- Task item:
Please keep pictures out and return the lines below exactly, from the one holding "network connection communication" through the last, both included.

- The data:
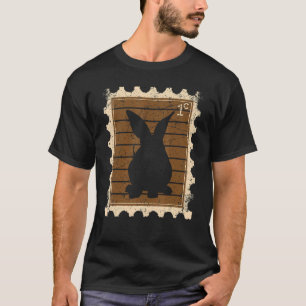 Camiseta Estampilla De Poescenario con conejos conejos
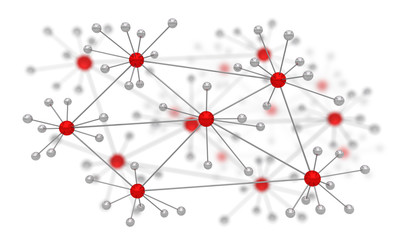network connection communication web atom molecule
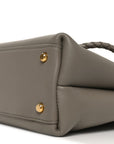 Silky Calfskin Small Ciao Ciao Limestone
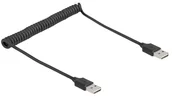 Kable USB - DeLOCK 90124 kabel USB USB 2.0 0,8 m USB A Czarny - miniaturka - grafika 1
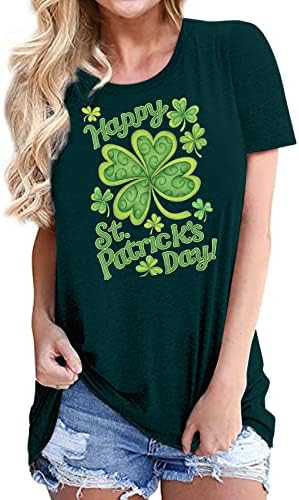 Camiseta do dia de St. Patricks Gnomos Camisetas camisetas shamrock Tees gráficos soltos FIT CREVENÇÃO TOPS DE BLUSHA DE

- Solution to this exercise:
network connection communication web atom molecule
 Silky Calfskin Small Ciao Ciao Limestone
 Kable USB - DeLOCK 90124 kabel USB USB 2.0 0,8 m USB A Czarny - miniaturka - grafika 1
 Camiseta do dia de St. Patricks Gnomos Camisetas camisetas shamrock Tees gráficos soltos FIT CREVENÇÃO TOPS DE BLUSHA DE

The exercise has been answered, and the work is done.